## GIVEN ENTRIES

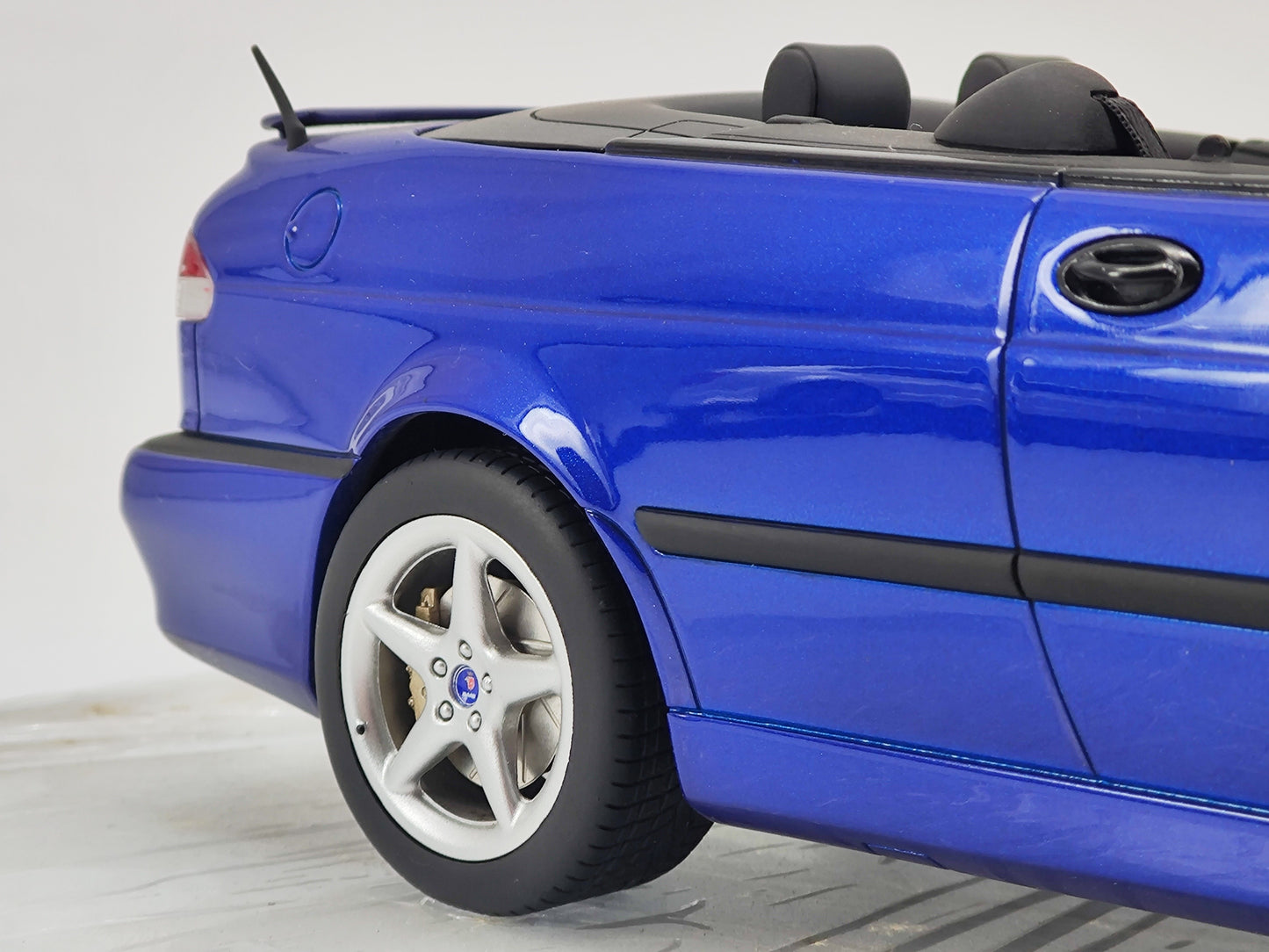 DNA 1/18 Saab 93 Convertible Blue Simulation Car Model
...
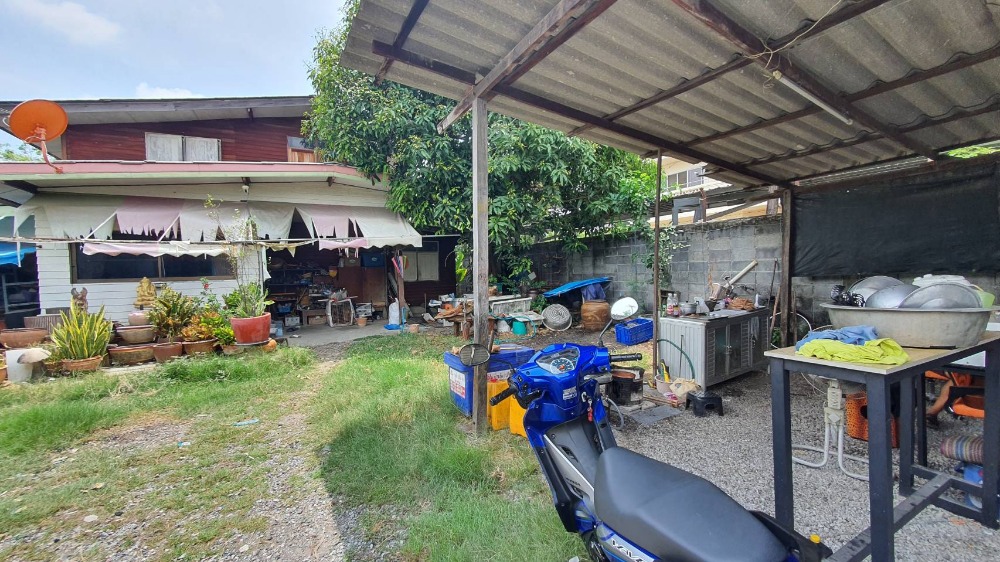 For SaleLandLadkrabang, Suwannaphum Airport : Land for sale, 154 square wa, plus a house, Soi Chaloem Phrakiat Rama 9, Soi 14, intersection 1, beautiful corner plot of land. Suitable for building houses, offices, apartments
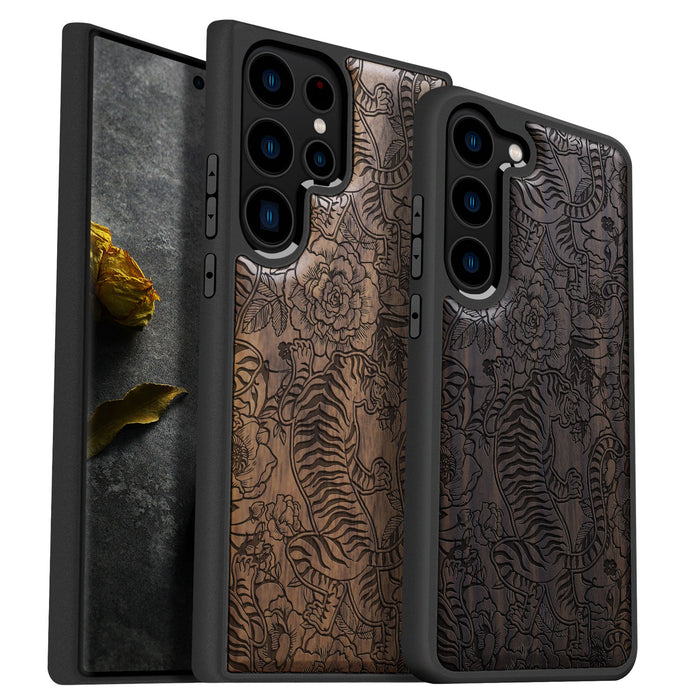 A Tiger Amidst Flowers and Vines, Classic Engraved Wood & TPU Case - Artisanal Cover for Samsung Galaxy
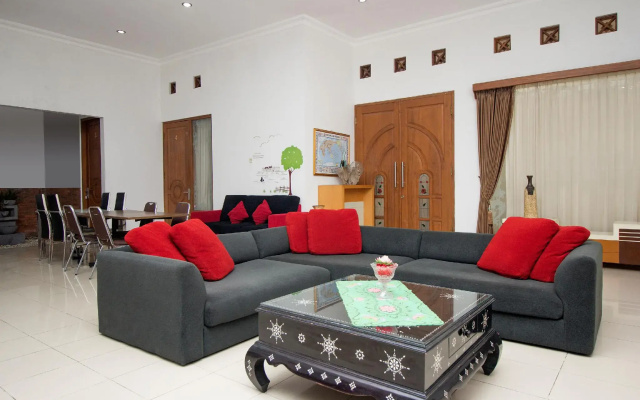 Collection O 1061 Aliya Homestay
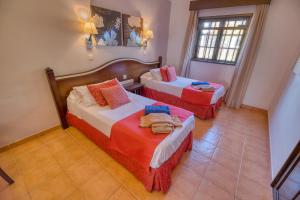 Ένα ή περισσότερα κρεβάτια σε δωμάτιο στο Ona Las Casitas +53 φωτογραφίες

## WHAT TO DO
Output should consist of the lines above from the one with "For SaleLandLadkrabang, Suwannaphum" down to the one with "Collection O 1061 Aliya Homestay", exact and without pictures.

## THE COMPLETED TASK
 For SaleLandLadkrabang, Suwannaphum Airport : Land for sale, 154 square wa, plus a house, Soi Chaloem Phrakiat Rama 9, Soi 14, intersection 1, beautiful corner plot of land. Suitable for building houses, offices, apartments
 A Tiger Amidst Flowers and Vines, Classic Engraved Wood & TPU Case - Artisanal Cover for Samsung Galaxy
 Collection O 1061 Aliya Homestay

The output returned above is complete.